Un po’ pochino per giustificare la figuraccia che sottende l’aver dovuto organizzare un meeting in fretta e furia per mettere mano ai danni creati dalle decisioni prese meno di una settimana prima. Se i tecnici che dovranno studiare il nuovo tool sono gli stessi che hanno consigliato le mosse - anche comunicative - di giovedì scorso, meglio fare scorta di acqua minerale e candele. E il mercato, infatti, ha reagito male al comunicato. Delusione totale. Sintetizzata dalle parole di Piet Christiansen, chief strategist presso Danske Bank: «Leggo il comunicato odierno come il minimo sindacale di ciò che ci si potesse aspettare. Ma, altresì, occorre essere onesti, anche l’epilogo più realistico». Come dire, nella mitologica cassetta degli attrezzi non è rimasto pressoché nulla, salvo le opzioni nucleari di un ritorno al Qe in piena regola con l’inflazione all’8% e i tassi negativi.


Ma questo grafico
Andamento di rendimento del Btp decennale benchmark Fonte: Bloomberg

parla più di tutto e tutti. Traccia l’andamento del Btp decennale benchmark, quello che toccando il 4,1% avrebbe fatto suonare l’allarme in casa Bce e giustificato la riunione d’emergenza. Come si nota, l’orario è quello di New York e la prezzatura in percentuale e non punti base. Poco cambia, basta vedere l’ultimo up and down.
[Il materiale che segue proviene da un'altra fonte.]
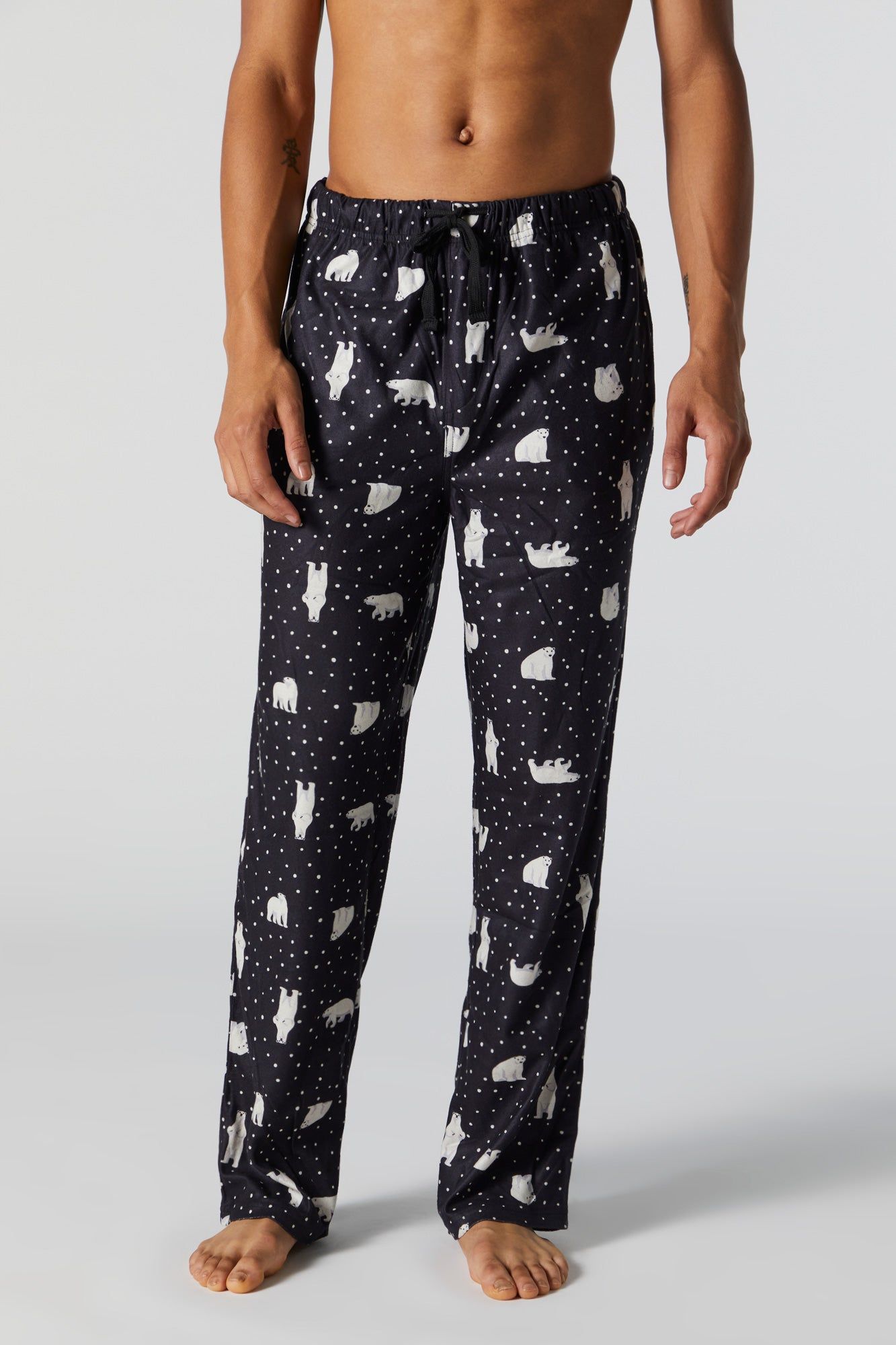 Pantalon de pyjama à imprimé Ours polaire sold by Urban Planet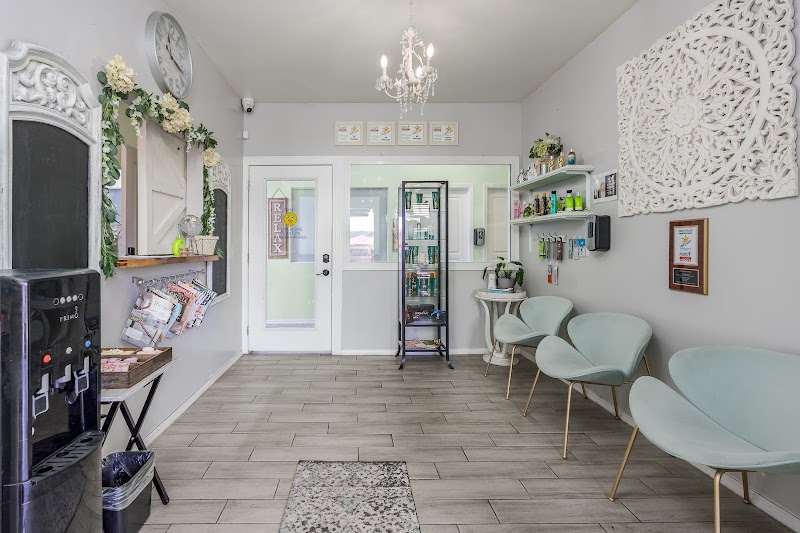 Cottonwood Collective Massage Lounge (AB Massage Therapy) photo 2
Mostra la reazione pavloviana di disappunto al comunicato Bce e poi una sferzata di immotivato entusiasmo. Immotivato quantomeno per noi comuni mortali, forse qualcuno ha ottenuto dalla Bce particolari e dettagli in via privata. E quello stesso qualcuno ha proseguito imperterrito a orchestrare un attacco contro il diffuso scetticismo rispetto alle reali volontà e possibilità di intervento della Bce. E fallendo, però. Perché dal minimo di giornata di 207.6 punti base (dai quasi 250 di partenza) la chiusura ha segnato un poco tranquillizzante ritorno in area 230.

Chi è stato? Quale manina ha tentato di sancire a colpi di acquisti la tregua armata e temporanea, quindi molto probabilmente falsa come dimostra l’epilogo, sul fronte del nostro spread? O la Bce stessa in una disperata e patetica partita di giro, stante l’operatività del programma-ombrello APP fino al 30 giugno, o il solito combinato di doom looop formato da banche e assicurazioni domestiche. Difficile che investitori esteri si siamo lanciati all’acquisto di carta su cui grava la spada di Damocle di un piano di salvataggio inesistente. E che fa riferimento a un Paese in piena fibrillazione politica, con il gas che comincia a essere tagliato da Gazprom (oggi -15% di flussi, come confermato da Eni).

Carry trade dei fondi? Forse. Auguri però a costruirci sopra speranze di tranquillità nel finanziamento del debito anche solo a medio termine. Insomma, la tregua è stata imposta, seppur basata su una fragilità assoluta. Ma quando scadrà? Già da domani, ogni giorno è buono. Ma la deadline, a differenza della guerra in Ucraina, qui esiste davvero. Giovedì 30 giugno, fine degli acquisti dell’APP. A quel punto si vedrà platealmente se la Bce ha bluffato del tutto e se la manina era domiciliata a Francoforte, costretta a operare nel tentativo di evitare una figuraccia completa e duplice, oltre a un effetto moltiplicatore di quelle stesse criticità che si volevano tacitare. Se così fosse, preparate gli ombrelli. Non sarà sell-off, sarà diluvio.